How do you manage petabytes of data w. global workflows


Learn about a new technology designed overcome management of large global datasets and workflows.

As datasets become increasingly large, with workflows that are increasingly global, management becomes extremely cumbersome very quickly. In this video, learn about a new technology designed to overcome this w/a radical approach to the way files are stored and workflows and policies are deployed across them. If you need to manage petabytes of data, and potentially trillions of files, legacy file systems are not the most efficient way. File systems are familiar and useful but there's a new and better way to manage them.
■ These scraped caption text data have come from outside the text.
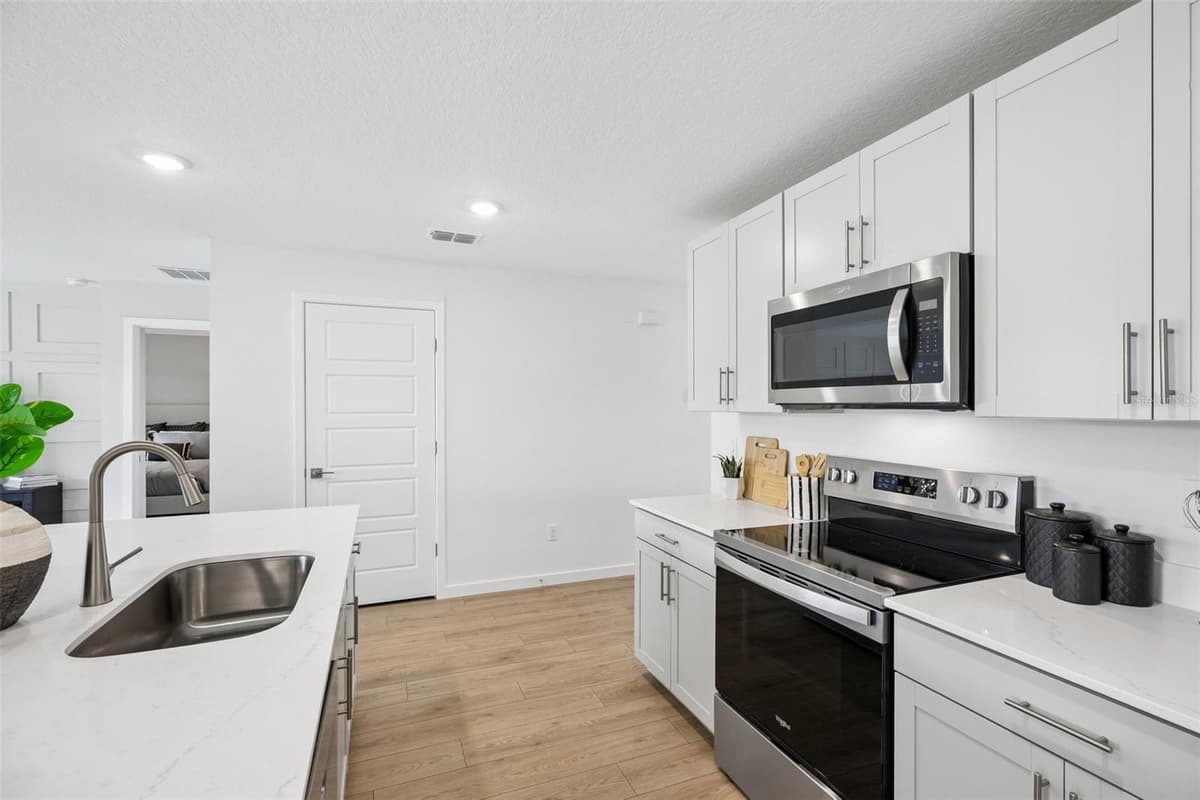 239 SKYFIELD COURT — photo 17 of 34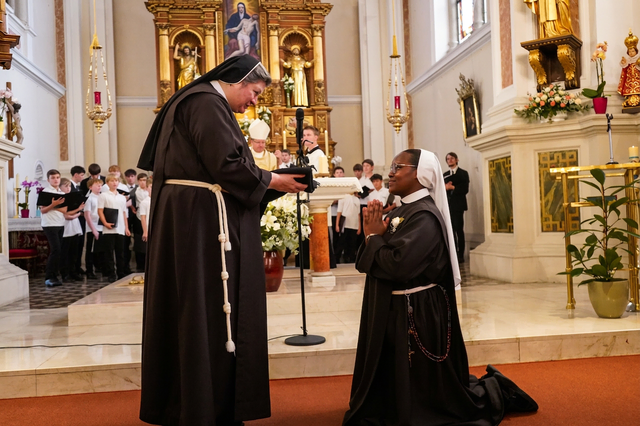 Generaloberin Sr. Bonaventura Holzmann (li.) übergibt den Habit an Sr. Elisabeth Kyalo, die ihre erste zeitliche Profess ablegte. | Foto: Elisabethinen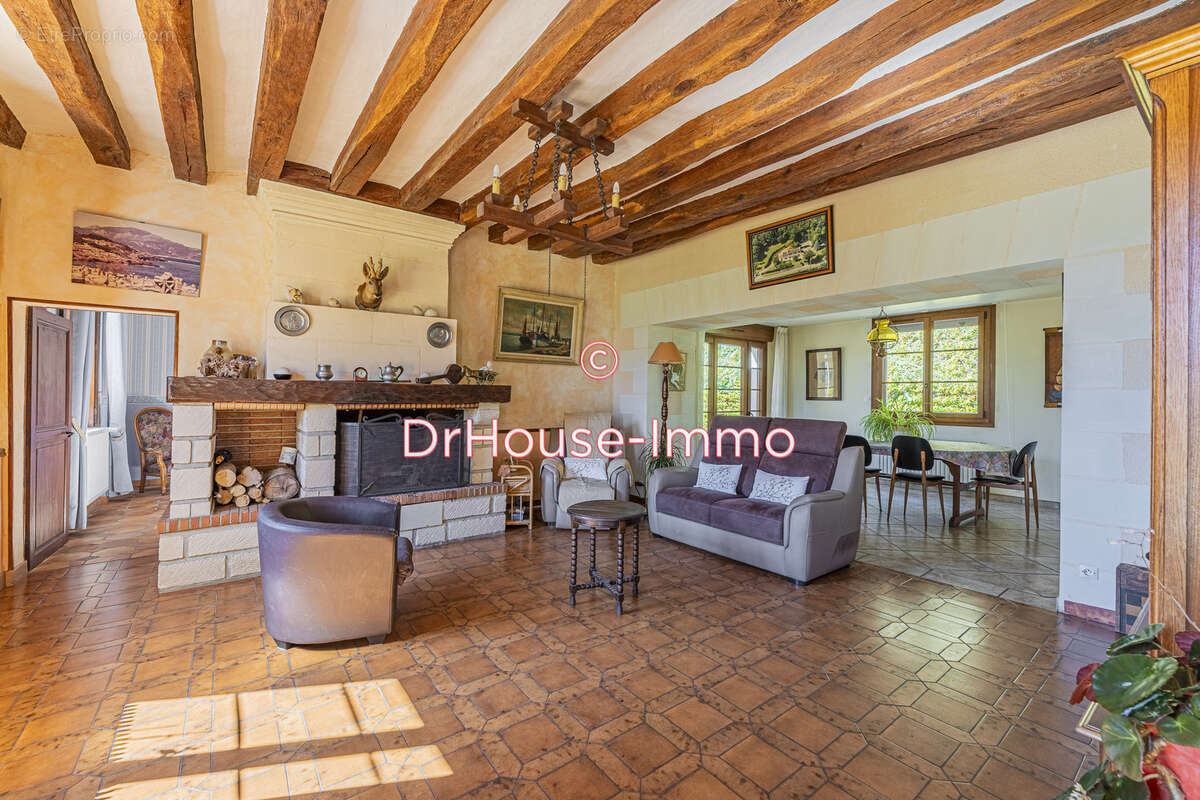 Maison à NEUILLE-LE-LIERRE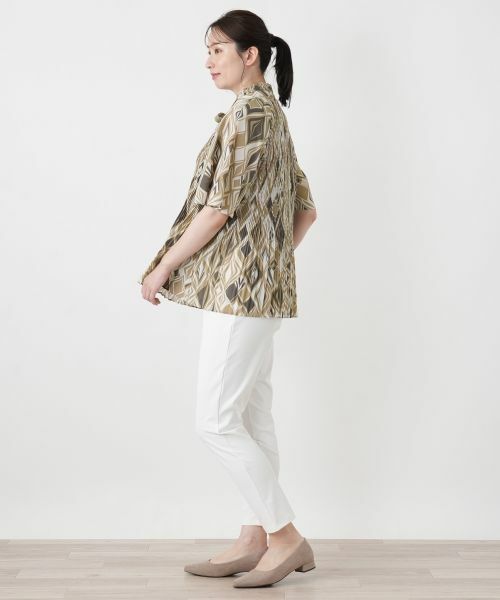 Leilian / レリアン シャツ・ブラウス | 幾何学柄プリーツ切替ブラウス【ROCHAS Premiere】 | 詳細2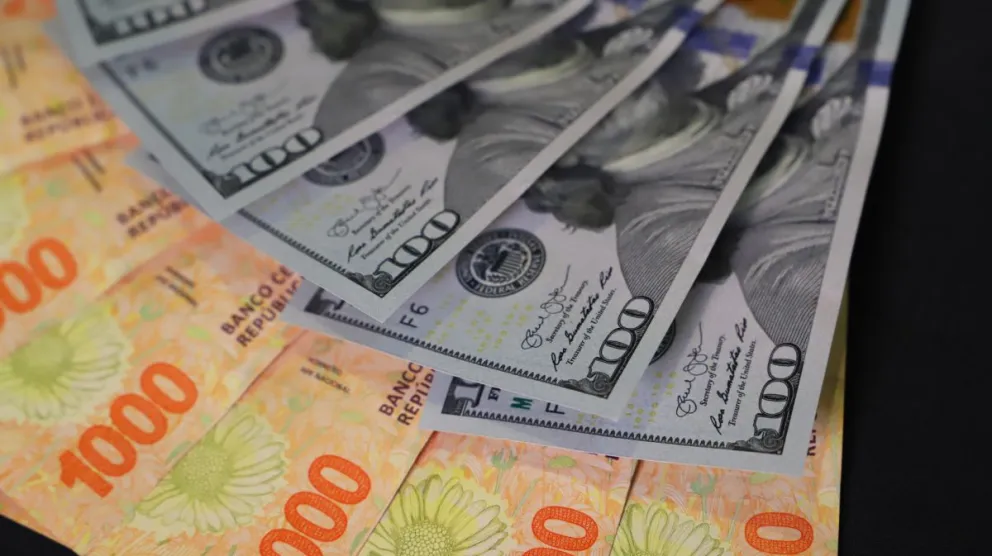Dólar blue: esta es la “impactante” cotización de la moneda para este lunes 27 de marzo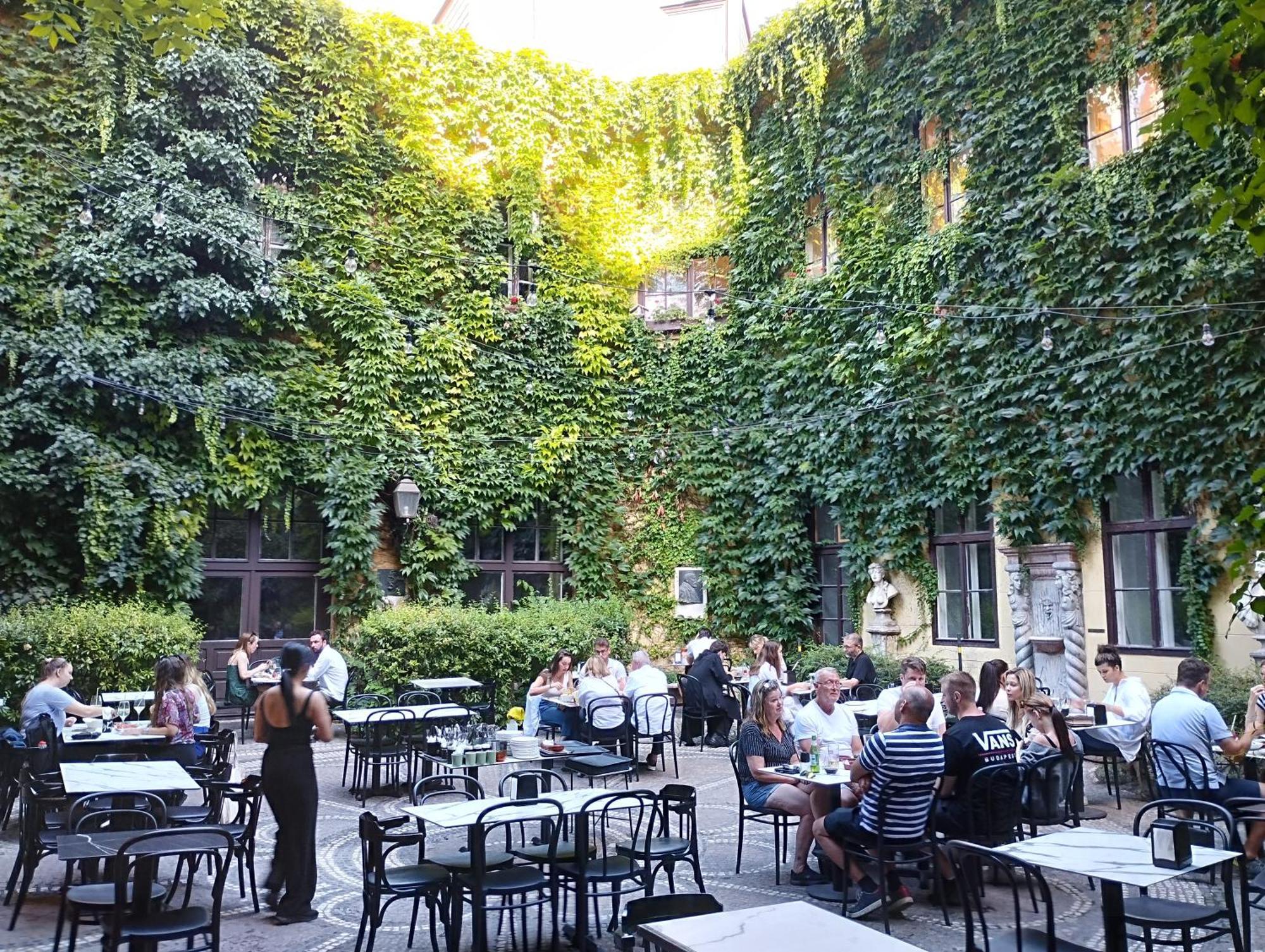 Free Parking, Balcony, Near To City Park Budapest Exterior foto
Mike Matchett:                  Hi. I'm Mike Matchett with Small World Big Data. And I'm here today with Peter Godman, founder and CTO of Qumulo. Qumulo's been a company I've been watching and working with for many years. They're doing some great, interesting things on the performance end of file systems. Welcome, Peter.
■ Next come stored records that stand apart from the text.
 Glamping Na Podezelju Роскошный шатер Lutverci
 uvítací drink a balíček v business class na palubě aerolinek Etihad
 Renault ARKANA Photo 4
Peter Godman:                   Well, thank you very much for having me.

Mike Matchett:                  First, just tell me a little bit about what Qumulo did uniquely when you guys came out a couple years ago. What was it you brought to market that really differentiated you from all the other kinds of file storage?


A short history of Qumulo

Peter Godman:                   We founded Qumulo just a little bit more than six years ago, and in March of 2015, we announced our company and product after working away at it for right about three years. And that product was something unusual. It's a scalable file system that, then, we called Qumulo Core, now we refer to as the Qumulo File Fabric. A scalable file system that helped folks not only manage ... sorry, not only store enormous data sets, but also manage them. And we did that by helping them understand what data they had, how it was growing over time, how it was getting used, et cetera. And so, we set out to radically simplify the process of storing and managing huge data sets.
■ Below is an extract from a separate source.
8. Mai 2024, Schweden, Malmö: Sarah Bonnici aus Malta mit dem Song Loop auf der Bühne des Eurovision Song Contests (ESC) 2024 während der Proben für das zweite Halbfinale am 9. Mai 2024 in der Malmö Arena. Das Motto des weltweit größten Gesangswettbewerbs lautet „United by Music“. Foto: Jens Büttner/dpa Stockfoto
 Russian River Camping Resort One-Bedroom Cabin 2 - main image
Mike Matchett:                  And when we say "scale" and "huge" ... And I talked to some other people. Their definitions vary. You really mean millions, billions, and trillions, right? It's not a couple hundred thousands [inaudible 00:01:27].

Peter Godman:                   Yeah, that's right. So, for us, large numbers of file counts are tens of billions. That's where things start to get large. And a lot of folks just have millions. When we think about capacity for us is, large starts to happen into the tens of petabytes. But, everything is relative, as you say. I routinely talk to folks who will say, tens of petabytes isn't large, exabytes is large. Or, whatever.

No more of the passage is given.